- _Work order_
Nothing but the text of the records should come back; copy it exactly and leave the pictures out.

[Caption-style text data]
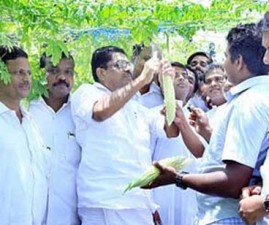 alp-sudheeran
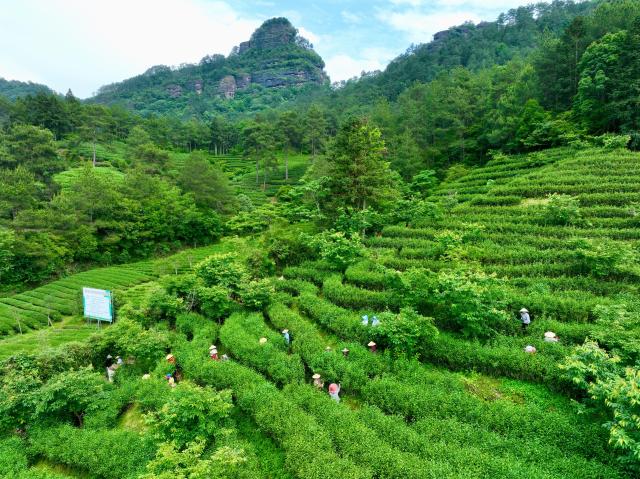 Cina: industria del t&egrave; prospera nel Fujian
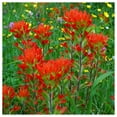 thumbnail image 1 of Everwilde Farms - 1/4 lb Indian Paintbrush Native Wildflower Seeds - Gold Vault Bulk Seed Packet, 1 of 2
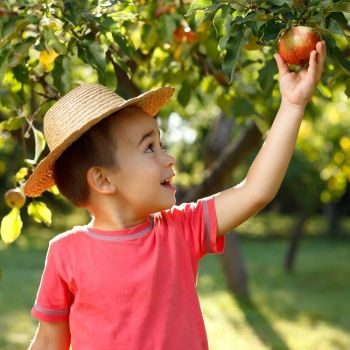 Frutas de otoño para los niños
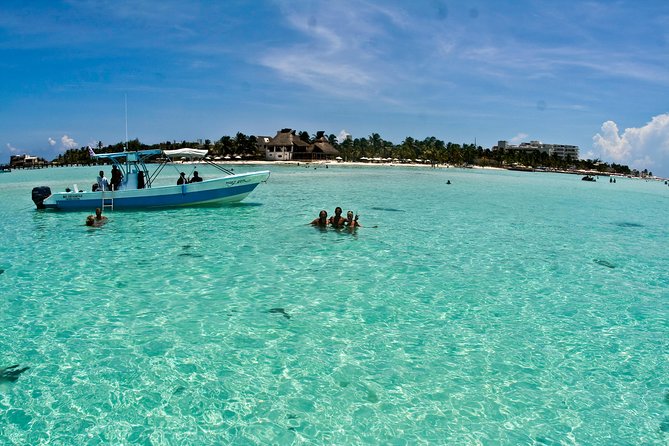 Whale Shark Tour From Cancun, Playa Del Carmen, Tulum and Riviera Maya - Check Availability and Reserve Now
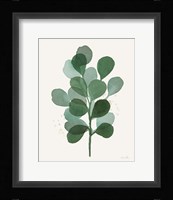 Leaf and Stem V Framed Print
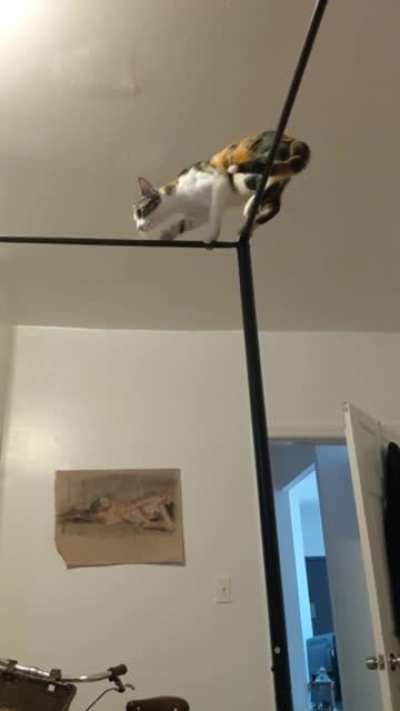 Котька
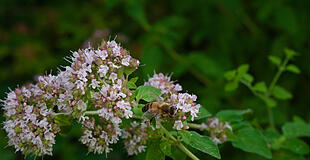 Oregano im Juli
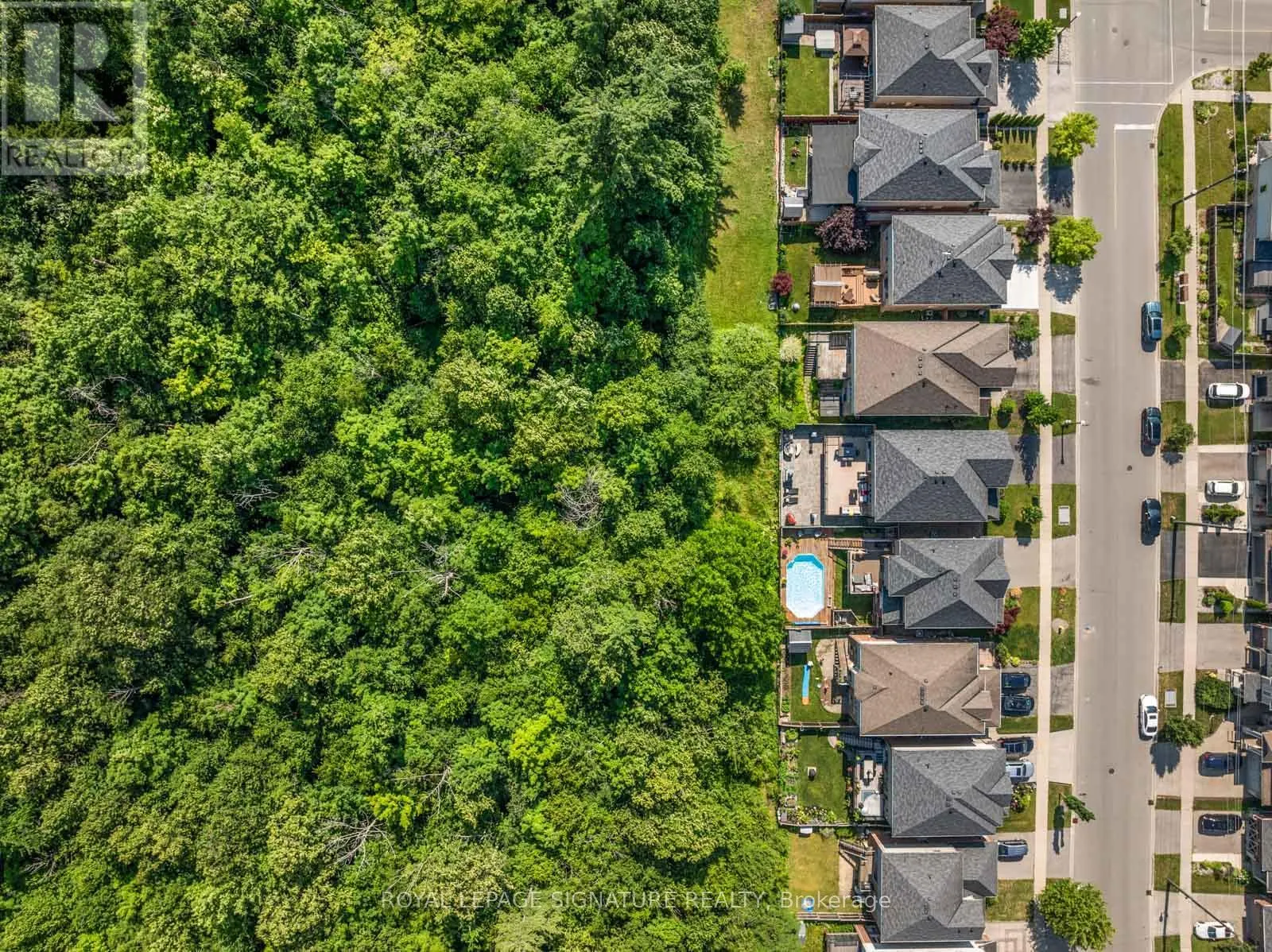 704 ROBERT FERRIE DRIVE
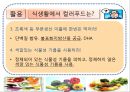 컬러 푸드 (Color Food) 18페이지
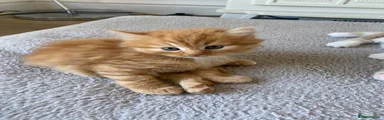 American Shorthair 2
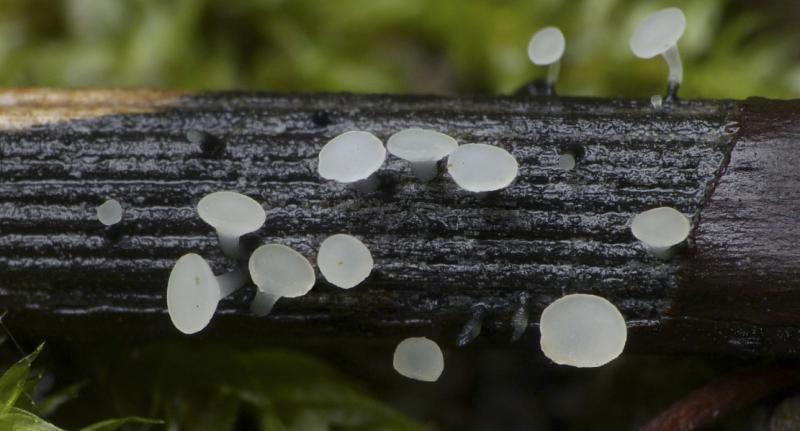 macrostoma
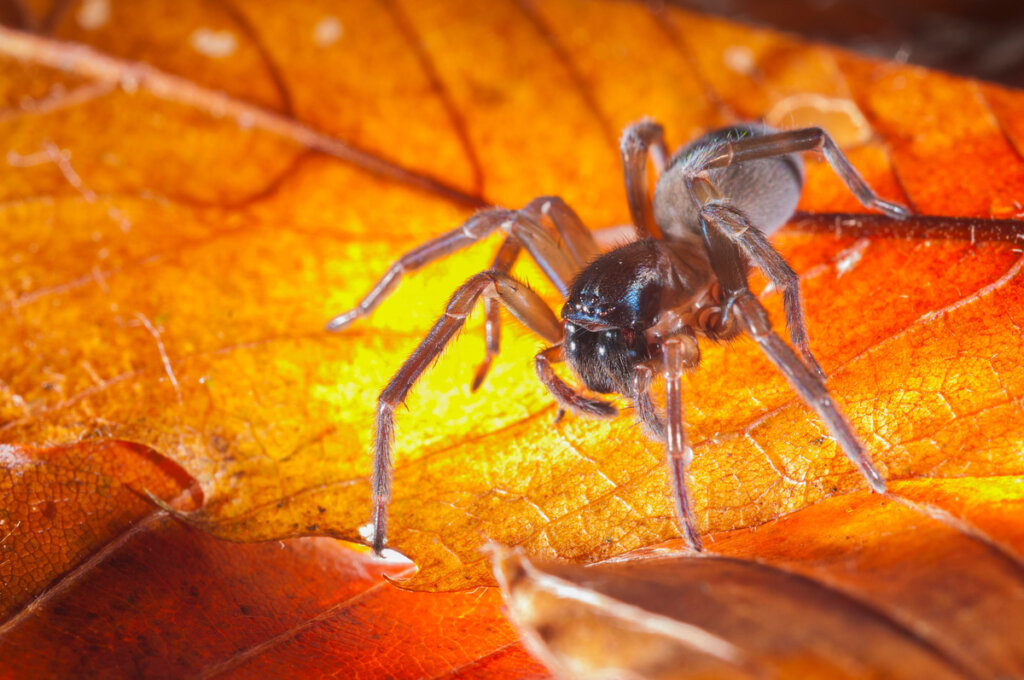 Una araña en una hoja.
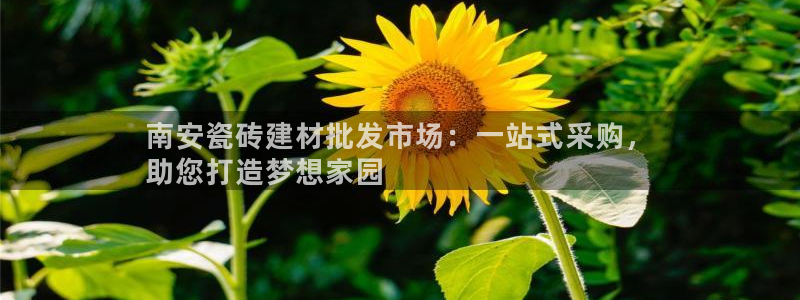 杏鑫娱乐官方网站客户端
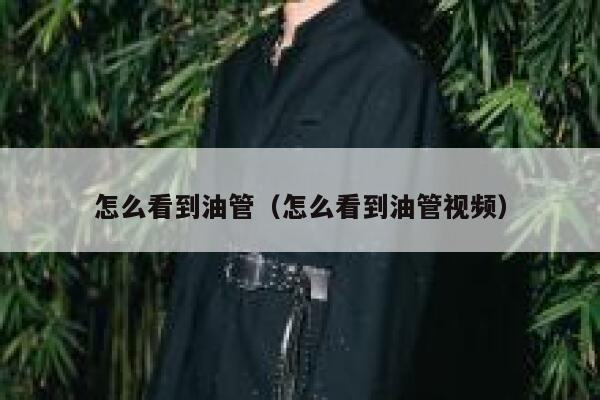 怎么看到油管（怎么看到油管视频） 第1张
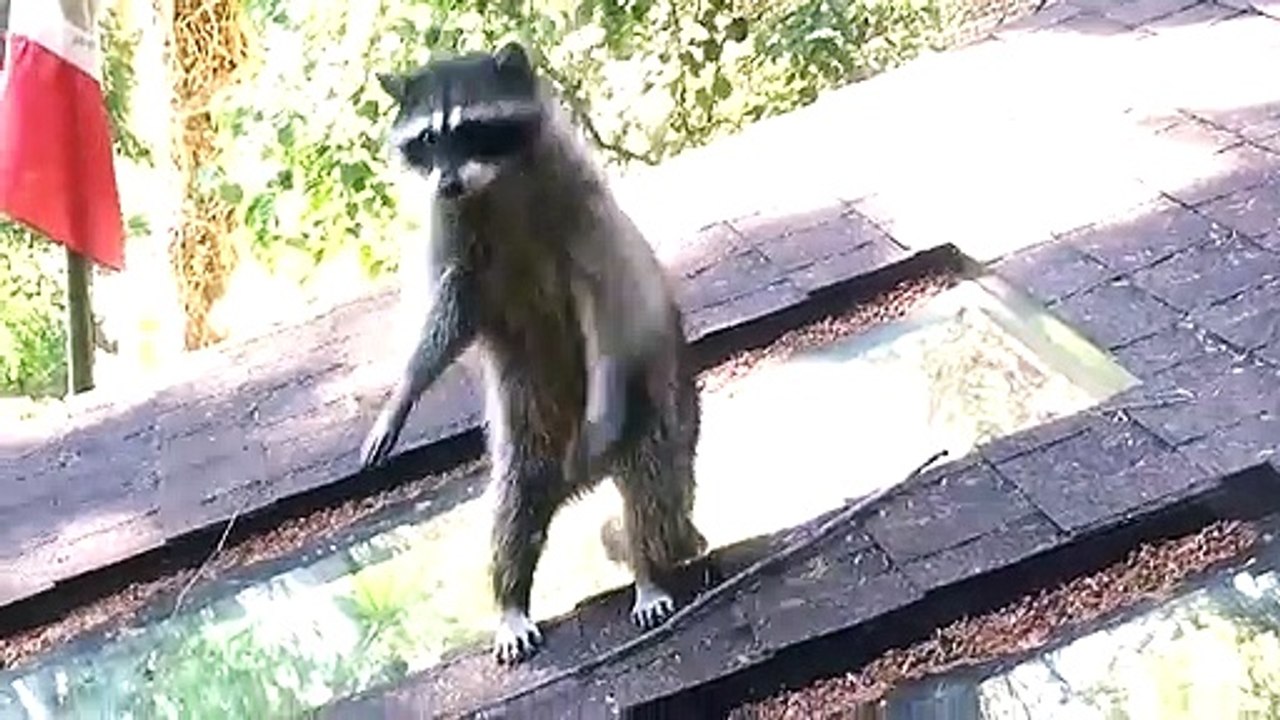 Une maman raton laveur aide son fils à monter dans un arbre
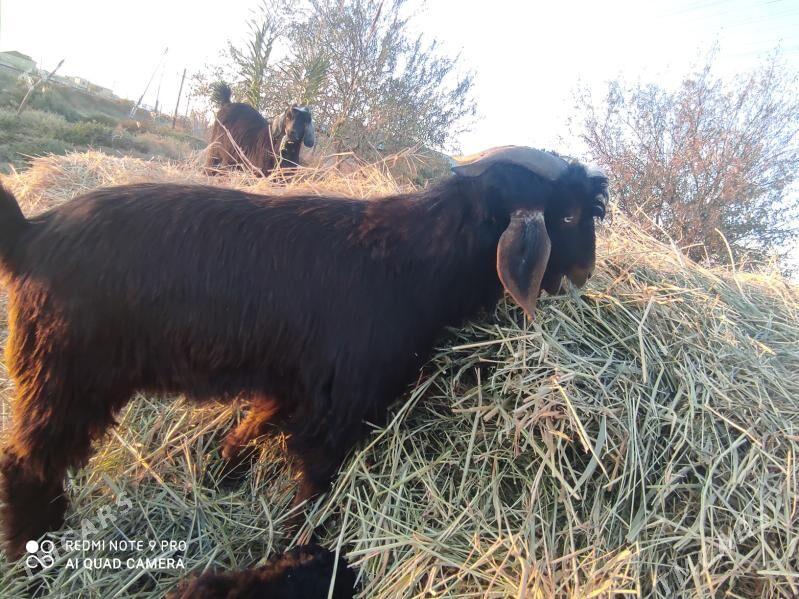 pakistan teke - Дянев - img 5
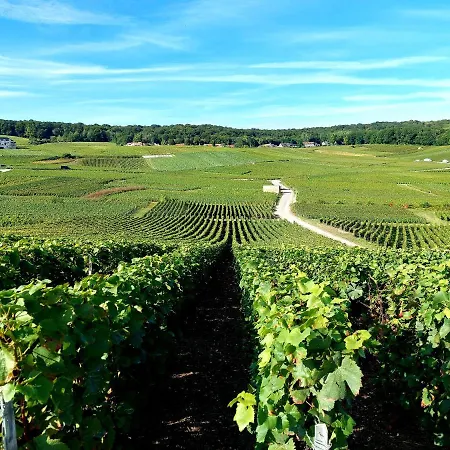 Apartmán Capital De Champagne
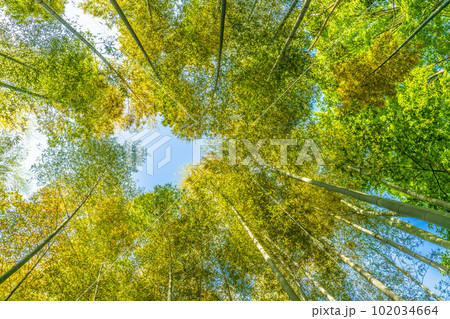 日本の横浜都市景観 黄色く染まる竹林。竹以外の樹木は新緑の季節で、緑色に染まっている＝4月28日 102034664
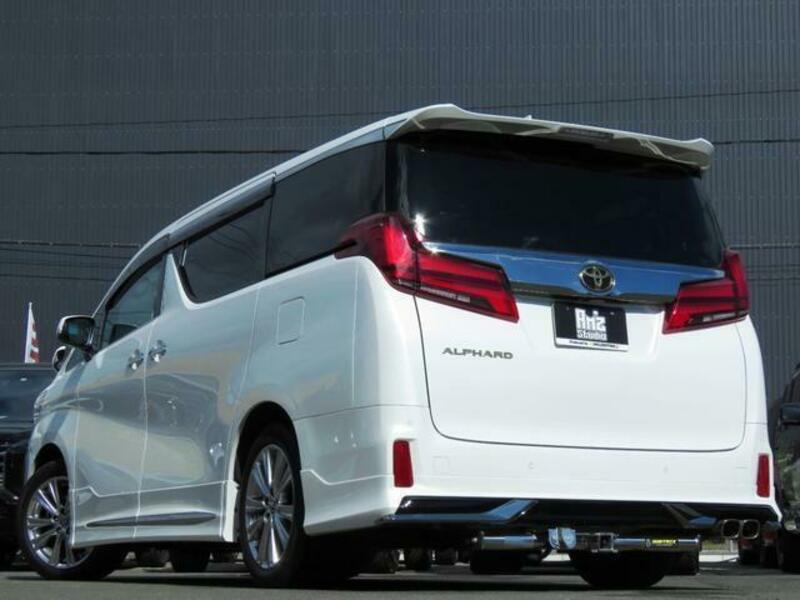 ALPHARD-6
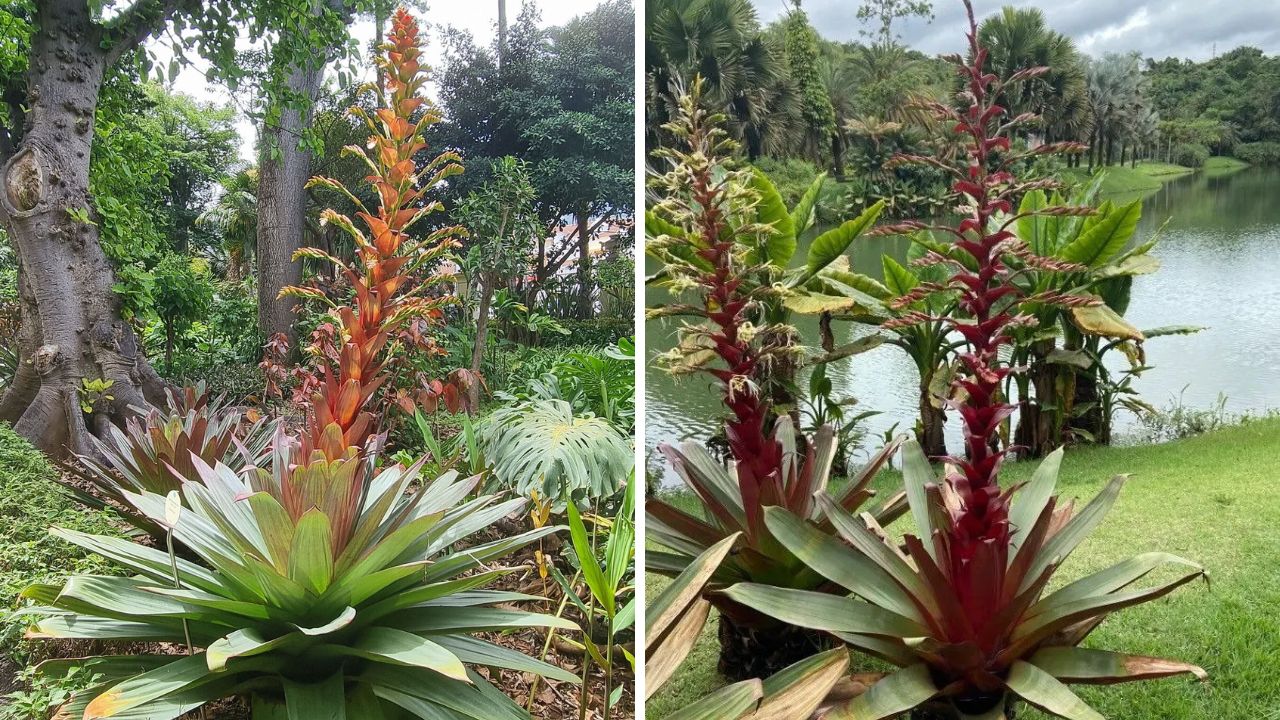 cultivar bromélia imperial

- _Result of this task_
 alp-sudheeran
 Cina: industria del t&egrave; prospera nel Fujian
 thumbnail image 1 of Everwilde Farms - 1/4 lb Indian Paintbrush Native Wildflower Seeds - Gold Vault Bulk Seed Packet, 1 of 2
 Frutas de otoño para los niños
 Whale Shark Tour From Cancun, Playa Del Carmen, Tulum and Riviera Maya - Check Availability and Reserve Now
 Leaf and Stem V Framed Print
 Котька
 Oregano im Juli
 704 ROBERT FERRIE DRIVE
 컬러 푸드 (Color Food) 18페이지
 American Shorthair 2
 macrostoma
 Una araña en una hoja.
 杏鑫娱乐官方网站客户端
 怎么看到油管（怎么看到油管视频） 第1张
 Une maman raton laveur aide son fils à monter dans un arbre
 pakistan teke - Дянев - img 5
 Apartmán Capital De Champagne
 日本の横浜都市景観 黄色く染まる竹林。竹以外の樹木は新緑の季節で、緑色に染まっている＝4月28日 102034664
 ALPHARD-6
 cultivar bromélia imperial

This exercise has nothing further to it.